_SUPPLIED INFORMATION:_

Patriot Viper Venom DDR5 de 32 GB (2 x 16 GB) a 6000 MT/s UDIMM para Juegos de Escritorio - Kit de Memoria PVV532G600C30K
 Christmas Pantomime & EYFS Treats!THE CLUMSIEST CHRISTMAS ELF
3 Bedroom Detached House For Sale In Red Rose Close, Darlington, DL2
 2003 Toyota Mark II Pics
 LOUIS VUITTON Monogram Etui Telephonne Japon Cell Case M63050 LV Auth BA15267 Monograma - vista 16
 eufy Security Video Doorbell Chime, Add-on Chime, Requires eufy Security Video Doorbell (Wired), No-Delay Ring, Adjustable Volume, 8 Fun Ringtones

_EXERCISE AIM:_ The answer must hold only the lines from the first line of the data through the line bearing "LOUIS VUITTON Monogram", returned exactly.

_SOLVED EXERCISE:_
Patriot Viper Venom DDR5 de 32 GB (2 x 16 GB) a 6000 MT/s UDIMM para Juegos de Escritorio - Kit de Memoria PVV532G600C30K
 Christmas Pantomime & EYFS Treats!THE CLUMSIEST CHRISTMAS ELF
3 Bedroom Detached House For Sale In Red Rose Close, Darlington, DL2
 2003 Toyota Mark II Pics
 LOUIS VUITTON Monogram Etui Telephonne Japon Cell Case M63050 LV Auth BA15267 Monograma - vista 16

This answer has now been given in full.